Dataset extract:
-=-=-

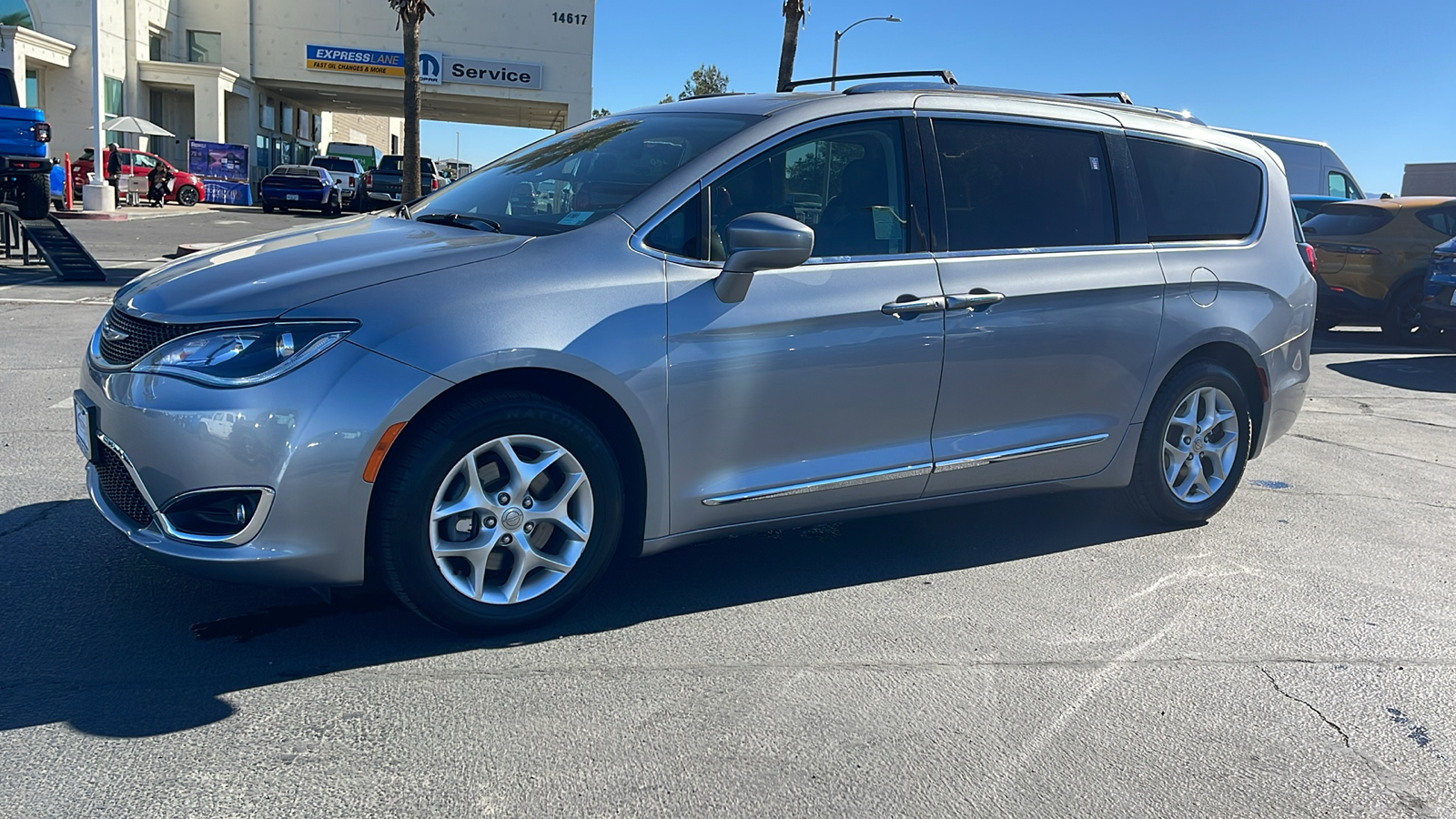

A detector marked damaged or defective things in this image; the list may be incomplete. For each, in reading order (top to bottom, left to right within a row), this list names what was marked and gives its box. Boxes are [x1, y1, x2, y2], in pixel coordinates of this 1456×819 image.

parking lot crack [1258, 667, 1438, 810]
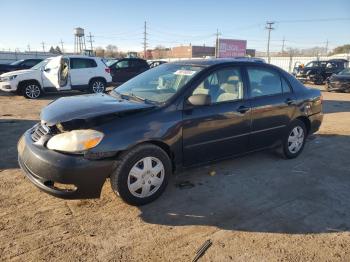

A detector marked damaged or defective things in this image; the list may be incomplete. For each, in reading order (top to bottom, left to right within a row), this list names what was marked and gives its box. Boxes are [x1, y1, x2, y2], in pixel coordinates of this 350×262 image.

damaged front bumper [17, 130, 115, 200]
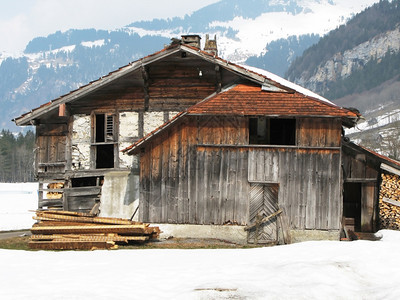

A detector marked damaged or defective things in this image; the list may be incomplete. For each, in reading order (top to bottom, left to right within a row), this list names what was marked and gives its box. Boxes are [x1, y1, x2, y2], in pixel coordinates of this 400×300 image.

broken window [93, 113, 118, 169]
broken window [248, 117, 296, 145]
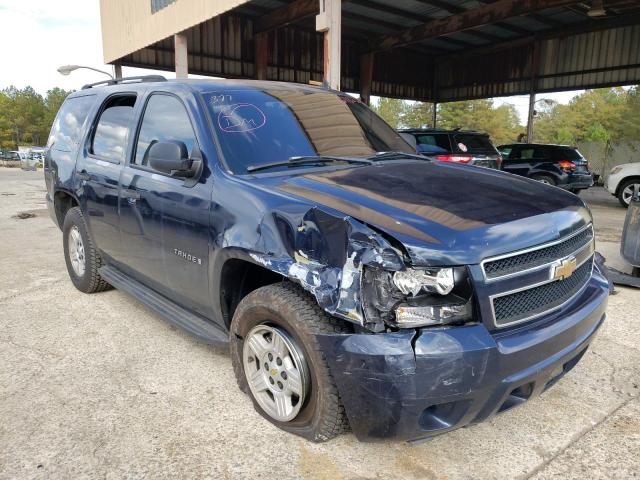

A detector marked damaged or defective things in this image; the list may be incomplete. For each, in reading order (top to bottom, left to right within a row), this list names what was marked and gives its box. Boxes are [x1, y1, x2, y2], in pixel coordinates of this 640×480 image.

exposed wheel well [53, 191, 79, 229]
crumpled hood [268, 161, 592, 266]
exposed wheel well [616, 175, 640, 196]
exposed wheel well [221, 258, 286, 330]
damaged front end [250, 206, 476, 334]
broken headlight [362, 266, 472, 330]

-=-=-

Exercise details:
Beginning at the line with "this 400×300 image." and ending at the last line of the listing above, retype each line exactly, including those two lines. Leave the pictures out.

Solution to this task:
A detector marked damaged or defective things in this image; the list may be incomplete. For each, in reading order (top to bottom, left to right within a row), this list names what was marked and gives its box. Boxes are [x1, y1, x2, y2], in pixel coordinates of this 400×300 image.

broken window [93, 113, 118, 169]
broken window [248, 117, 296, 145]

A detector marked damaged or defective things in this image; the list may be incomplete. For each, in reading order (top to bottom, left to right within a row), this list names what was marked and gives its box. Boxes are [x1, y1, x2, y2], in pixel coordinates of this 640×480 image.

exposed wheel well [53, 191, 79, 229]
crumpled hood [268, 161, 592, 266]
exposed wheel well [616, 175, 640, 196]
exposed wheel well [221, 258, 286, 330]
damaged front end [250, 206, 476, 334]
broken headlight [362, 266, 472, 330]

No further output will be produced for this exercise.